Selling Yaletown in Surrey

Wave Towers | BCBusiness
Will lin, the developer behind Wave Towers, built Yaletown’s first loft residences.

The guy who saw Yaletown’s sheen years ago sees more of the same potential in Surrey’s City Centre

For Will Lin, CEO of Rize Alliance Properties Ltd., being a pioneer in neighbourhoods undergoing transformation comes as naturally as breathing. He saw value in Yaletown when it was still a run-down warehouse district and defied naysayers by building Vancouver’s first contemporary loft residences there. He’s the visionary behind The Rolston, a dramatic conversion of rhythm and blues mecca The Yale Pub into modern urban apartment residences.

So it’s no small wonder that when he rediscovered Surrey in 2010, Lin saw opportunity. He admits it had been some time since he’d been to the City Centre neighbourhood, but what he saw changed his business forever. “I was amazed by the results of the City’s investment in infrastructure and amenities for the populations that live, work and visit here.”

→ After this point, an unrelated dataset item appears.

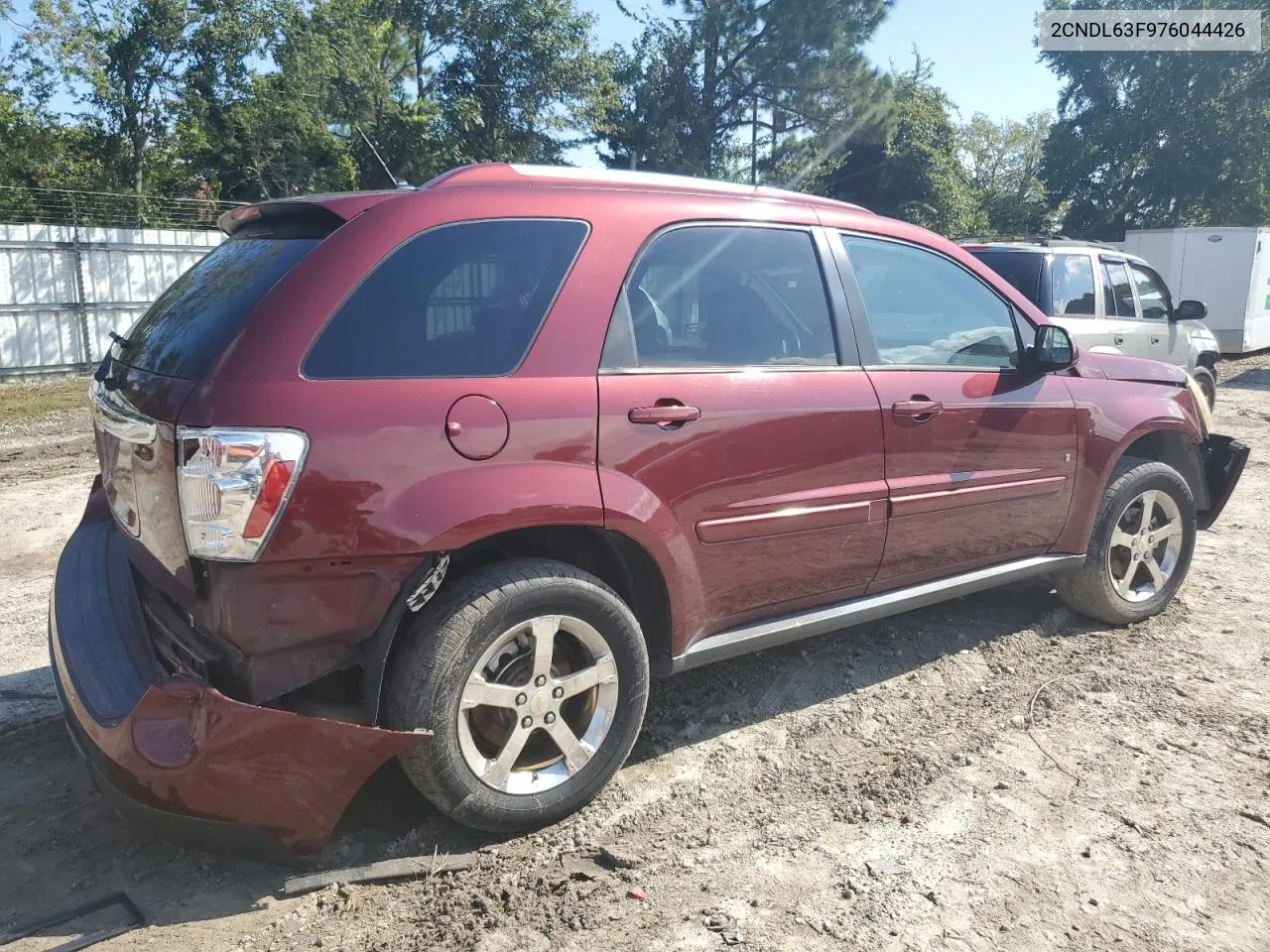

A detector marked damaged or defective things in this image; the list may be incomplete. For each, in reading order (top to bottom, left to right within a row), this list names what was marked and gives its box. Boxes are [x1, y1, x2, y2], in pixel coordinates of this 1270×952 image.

detached bumper cover [1199, 436, 1249, 533]
damaged rear bumper [1199, 436, 1249, 533]
damaged rear bumper [49, 500, 427, 863]
detached bumper cover [51, 502, 427, 863]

Lin located a property at 134th Street and 103A Avenue, and a joint venture between the vendor, Rize Alliance, and Atelier Capital Partners was born. Once again, Lin was to be at the helm of a transformative new development.

The project is Wave: twin, 28-storey towers with undulating façades that make this residential development as intriguing as it is unique. There’s a geometric precision, a futuristic symmetry to the way curves and angles intersect with the fundamentally linear walls and structural elements. Balconies are spacious—most more than 150 square feet, some as large as 325—and are meticulously designed to provide areas of both sun and shade throughout the day.

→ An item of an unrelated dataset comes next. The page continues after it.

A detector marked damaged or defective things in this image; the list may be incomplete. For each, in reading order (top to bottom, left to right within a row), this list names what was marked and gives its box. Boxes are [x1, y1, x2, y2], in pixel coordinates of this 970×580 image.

When asked why he believes such an iconic design was right for the site, Lin’s response is instantaneous: “Why wouldn’t it work here? Surrey’s slogan is ‘The future lives here,’ so the architecture had to project this concept of being a modern metropolis. Can you imagine how out of place something like an Arts & Crafts design, for instance, would look?”

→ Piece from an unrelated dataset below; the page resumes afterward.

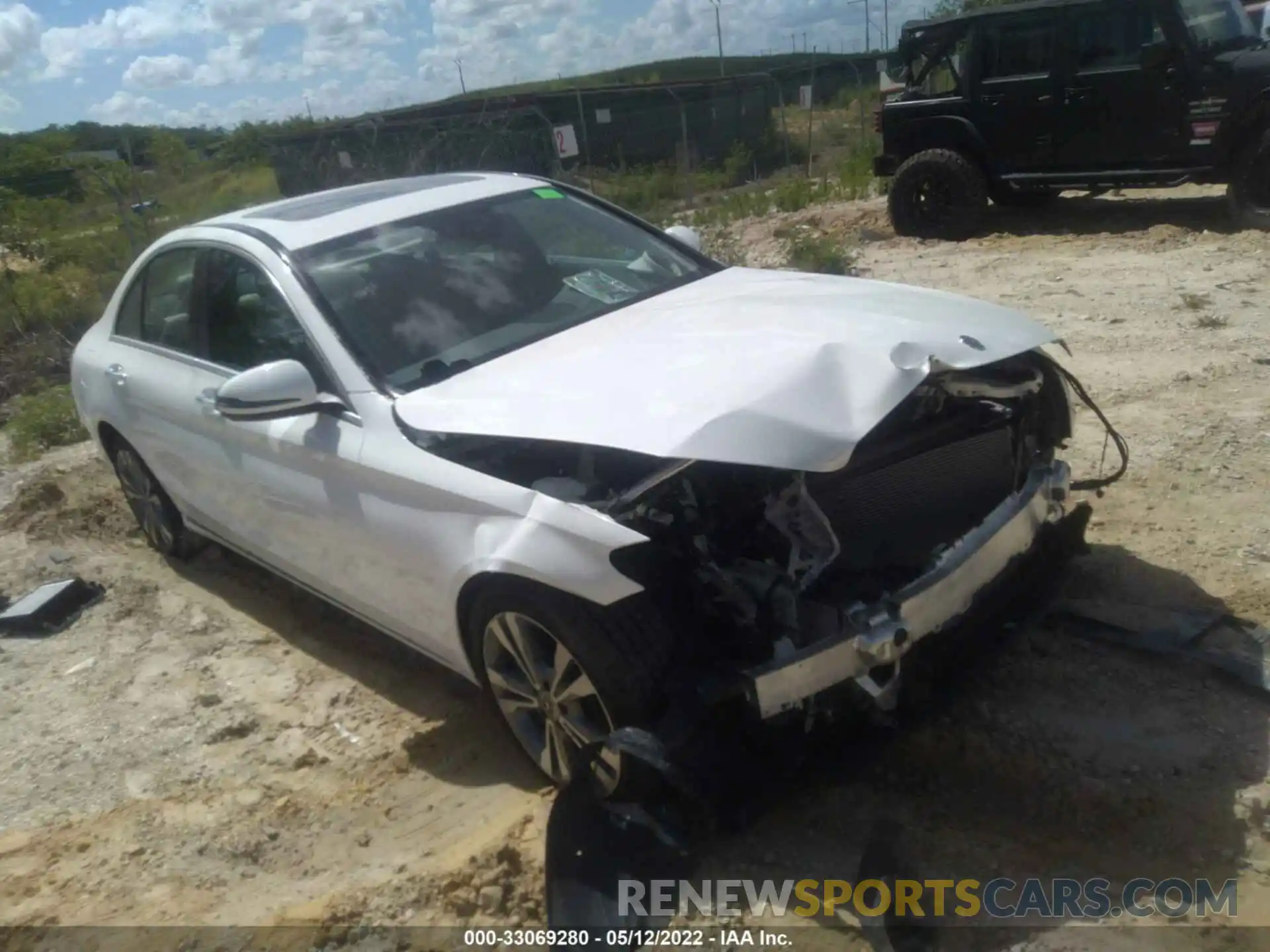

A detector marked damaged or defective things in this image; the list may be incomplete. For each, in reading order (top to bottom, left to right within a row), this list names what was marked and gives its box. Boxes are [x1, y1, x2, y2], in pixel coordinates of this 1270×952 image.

crumpled hood [396, 269, 1062, 475]
damaged front end [409, 350, 1102, 721]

He’s also pragmatic about the realities of the marketing benefits. “When you spend tens of thousands, or even hundreds of thousands of dollars on advertising, that money becomes an expense that you don’t recoup. This building stands out; it becomes its own advertising brand.”

Construction costs are estimated at $60 million per tower with the bulk of contractors, sub-trades and suppliers coming from the surrounding neighbourhood—meaning Wave is also a significant economic generator for local Surrey residents. Finished suites in the initial tower range from one-bedroom and den to three-bedroom, and average $4.20 per square foot. Wave’s first tower is anticipated to be complete in summer 2015 and sales for the second tower launch this spring.